Part of me wishes they had put that in the movie. It would have made it maybe a minute longer. But it speaks volumes, and means a lot personally to me - which is probably obvious from the fact that I didn't have to look up those quotes. Gimli charges in with an "I'm-going-to-stick-with-this-no-matter-what" attitude. Elrond sees deeper. It's important, eventually, that the others - particularly Aragorn, Legolas, and Gimli - don't hold to Gimli's initial resolve to stay with Frodo no matter what.

Gimli had a plan. And plans are good, to some extent. Without a plan, the Fellowship might have ended up at the Lonely Mountain instead of Mount Doom. More likely, they would have been attacked and killed and the Ring taken. But, on the other hand, if they had stuck with the plan they had originally when setting out from Rivendell, they would have ended up going through the Gap of Rohan, or perhaps kept going over Caradhras and frozen to death.

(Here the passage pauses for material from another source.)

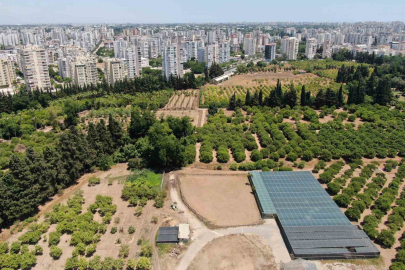 Antalya'da Tarım Toprağı Alarmı: Son 20 Yılda Bir Şehir Yok Oldu!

But the plan changed. Again and again, the plan changed. Gandalf falling of the Bridge of Khazad-Dum wasn't in the plan. Merry and Pippin being captured by Uruk-Hai wasn't in the plan. And certainly Frodo and Sam going off by themselves to Mount Doom was nowhere in the plan. But, because Elrond forced no oath nor bond at the beginning of their journey, Aragorn was free to decide, "Frodo's fate is no longer in our hands" and rush off to rescue Merry and Pippin.

I've been keeping a prayer journal during our semester here in Romania. During our first week or so here, I wrote five quotes on the inside cover. One of them is Elrond's quote: "You do not yet know the strength of your hearts, and you cannot foresee what each may meet upon the road."

That could be seen as depressing advice, but, to me, it is an encouraging thought. I do not yet know the strength of my heart. I had no idea, when I came here, just how strong I was, how much I could do. I could not foresee what I would meet upon the road. But I did know, perhaps with a more Gimli-ish part of my heart, that I was ready for it.

I worked as a musician at a TEC retreat this past January. On the last day, known as "Go Day," one of the songs we sang was "Remember Me." I was particularly struck by the last verse. It goes like this:

Remember Me
When the children leave their Sunday School with smiles.
Remember Me
When they're old enough to teach,
Old enough to preach,
Old enough to leave.

That last line brought tears to my eyes. (Everyone cries on Go Day.) I looked around and saw people who were old enough - ready enough - to leave. And I saw the same thing in myself.

I've thought of that song quite a few times since then. I wouldn't be here, in Romania, if God didn't think I was ready for it. I was old enough, ready enough, to leave my home in Minnesota and my college in Iowa and come to a different country. I mentioned in a blog post the day before we came here that I felt like a Hobbit, completely overwhelmed by the journey in front of me. But, even then, I didn't call it off. Even then, I was ready.

This semester, we've heard a lot about the concept of "challenge by choice." When something is challenge by choice, we get to decide for ourselves whether or not a particular activity is going to push us out of our challenge zone and into our panic zone. This may be something like a ropes course, a sharing of personal feelings, a trip to an Orthodox church, or climbing up a big, scary ladder to the top of a mine shaft. From now on, every time I hear that phrase, I have a feeling I'm going to remember Elrond's comforting words: "On you who go with him, no oath nor bond is laid to go further than you will."

It's not an oath that brought me here, and it's not an oath that's keeping me here. And, especially now, so soon before fall break, I'm proud of the fact that I do not yet know the strength of my heart, and that I cannot foresee what I'm going to meet upon the road.